Last week, a well-respected defense lawyer told one of our lawyers they possessed the Maryland Trial Lawyers Association’s “Handbook,” which spells out the terms for a defense requested medical examination. This “Handbook” has made its way into a Motion to Compel a Physical Examination, specifically including this “MTLA Handbook” as an exhibit to the motion. By this inclusion, I assume this is an authoritative source of legal guidance for the court on this discovery matter.

Now back to reality. Maryland Trial Lawyers Association does not have a “Handbook” on defense medical exams. Instead, it is just a copy of the link from our website setting forth our suggested conditions for a defense medical exam. Which we don’t even use anymore!

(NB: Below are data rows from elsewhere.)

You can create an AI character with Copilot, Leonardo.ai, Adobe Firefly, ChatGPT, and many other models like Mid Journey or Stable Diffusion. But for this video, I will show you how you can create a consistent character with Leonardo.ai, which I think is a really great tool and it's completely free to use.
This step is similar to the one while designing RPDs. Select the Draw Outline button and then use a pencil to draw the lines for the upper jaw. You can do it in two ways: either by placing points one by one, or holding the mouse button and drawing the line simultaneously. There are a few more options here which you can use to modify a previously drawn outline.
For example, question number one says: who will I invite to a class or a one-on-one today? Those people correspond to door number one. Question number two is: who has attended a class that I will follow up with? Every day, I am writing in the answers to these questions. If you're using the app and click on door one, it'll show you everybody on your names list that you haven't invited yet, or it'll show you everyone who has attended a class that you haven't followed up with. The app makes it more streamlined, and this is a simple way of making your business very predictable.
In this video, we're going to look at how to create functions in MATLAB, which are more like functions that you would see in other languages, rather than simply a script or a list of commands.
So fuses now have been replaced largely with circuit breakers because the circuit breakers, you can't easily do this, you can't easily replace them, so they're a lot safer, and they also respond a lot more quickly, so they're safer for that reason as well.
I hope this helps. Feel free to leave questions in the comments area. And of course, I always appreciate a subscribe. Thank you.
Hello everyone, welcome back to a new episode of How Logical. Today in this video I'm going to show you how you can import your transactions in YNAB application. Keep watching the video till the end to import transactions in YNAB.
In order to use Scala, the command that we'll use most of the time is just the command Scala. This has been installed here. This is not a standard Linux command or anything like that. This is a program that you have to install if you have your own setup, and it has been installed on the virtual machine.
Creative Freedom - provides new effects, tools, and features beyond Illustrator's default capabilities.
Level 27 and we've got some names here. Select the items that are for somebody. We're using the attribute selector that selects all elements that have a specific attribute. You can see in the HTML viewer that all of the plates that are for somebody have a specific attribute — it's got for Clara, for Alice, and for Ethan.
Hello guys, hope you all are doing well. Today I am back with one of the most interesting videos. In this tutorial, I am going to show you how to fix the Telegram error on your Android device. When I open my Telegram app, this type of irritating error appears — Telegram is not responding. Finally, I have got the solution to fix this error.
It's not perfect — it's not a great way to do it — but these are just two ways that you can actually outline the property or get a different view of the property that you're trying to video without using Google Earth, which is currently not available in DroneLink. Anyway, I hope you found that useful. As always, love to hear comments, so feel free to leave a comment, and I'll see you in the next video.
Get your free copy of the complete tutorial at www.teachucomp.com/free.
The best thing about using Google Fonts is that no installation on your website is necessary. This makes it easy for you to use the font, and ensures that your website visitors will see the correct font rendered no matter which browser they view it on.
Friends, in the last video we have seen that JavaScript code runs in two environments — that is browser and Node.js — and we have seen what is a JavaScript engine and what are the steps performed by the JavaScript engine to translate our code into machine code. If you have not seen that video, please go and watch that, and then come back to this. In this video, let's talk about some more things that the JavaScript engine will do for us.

I think it is funny that this is being represented as some guide to fighting medical exams. I am glad people are using the Maryland Personal Injury Lawyer Help Center. My partner told me last week that a defense lawyer she spoke to said they often get motions from other lawyers copying our sample motions. The lawyer said they call them “Miller & Zois” motions.

We are handling a red light/green light auto accident case that occurred in Towson, Maryland a few years ago that resulted in substantial permanent injuries to our client. Trial is a few months away. The insurance company for the Defendant is the Maryland Automobile Insurance Fund (MAIF). Their attorneys recently moved to bifurcate the trial into two separate trials for liability and damages.

The Defendant’s attorneys would not seem to benefit if the case is bifurcated. Their concerns–the cost and effort of the liability case–is of no consequence to their client. So, practically, why was this motion filed?

If the case is bifurcated, the chance of a bad faith claim against MAIF evaporates; it would offer its $100,000 (a large policy for MAIF, parenthetically) policy limit in the event Plaintiff prevailed on liability because, as Defendant’s motion tacitly concedes, this case’s value exceeds MAIF’s coverage. While bifurcation would be a loss for Plaintiff, it would also be a loss for the insured Defendant who will lose any leverage that he has to encourage MAIF to settle or any claim he has against them for bad faith should they not make reasonable efforts to settle. Should the case be bifurcated and Plaintiff prevails on liability, Plaintiff will proceed on with the damages trial that will probably result in an excess verdict. This would leave MAIF in fine shape, fully insulated from a bad faith claim and protected from allegations it failed to properly defend their insured by, for example, having a defense medical examination performed on the Plaintiff. The defendant would be left holding the bag.

Goal number one when your client is giving a deposition is to do no harm.

The greatest harm your client can do in almost any personal injury case in his/her deposition is to get caught in a lie. Clients are most prone to “lie” about prior car accidents because they genuinely do not remember them. But a smart insurance company lawyer may turn an innocent failure to recall into a litmus test on the client’s credibility. As much as we as personal injury lawyers like to make the cases about ourselves – particularly when we get a great verdict, we all do it – the importance of our credibility/likability is a distant second to the importance to that of our client.

How can you solve the problem? Obviously, a good attorney spends time before the deposition discussing the issue with the client, explaining in very direct terms that prior medical history or claims history will be uncovered by any competent defense attorney or adjuster with access to a computer and/or the medical records. But, again, in some circumstances, the client may not remember whether they were injured on the job or made a claim for a car accident in which it involved them.